THE TASK: The output is the line holding "Land Rover Discovery" and all lines after it to the end of the records below; restate them unchanged and add nothing.

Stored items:
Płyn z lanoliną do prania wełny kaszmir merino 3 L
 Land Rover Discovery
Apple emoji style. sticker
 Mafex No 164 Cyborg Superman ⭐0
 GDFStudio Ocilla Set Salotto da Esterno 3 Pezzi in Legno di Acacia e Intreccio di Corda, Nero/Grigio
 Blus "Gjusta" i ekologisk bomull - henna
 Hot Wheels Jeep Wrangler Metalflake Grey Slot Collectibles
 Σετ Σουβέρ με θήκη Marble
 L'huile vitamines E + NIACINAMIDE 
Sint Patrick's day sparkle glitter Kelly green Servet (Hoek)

EXERCISE RESULT:
 Land Rover Discovery
Apple emoji style. sticker
 Mafex No 164 Cyborg Superman ⭐0
 GDFStudio Ocilla Set Salotto da Esterno 3 Pezzi in Legno di Acacia e Intreccio di Corda, Nero/Grigio
 Blus "Gjusta" i ekologisk bomull - henna
 Hot Wheels Jeep Wrangler Metalflake Grey Slot Collectibles
 Σετ Σουβέρ με θήκη Marble
 L'huile vitamines E + NIACINAMIDE 
Sint Patrick's day sparkle glitter Kelly green Servet (Hoek)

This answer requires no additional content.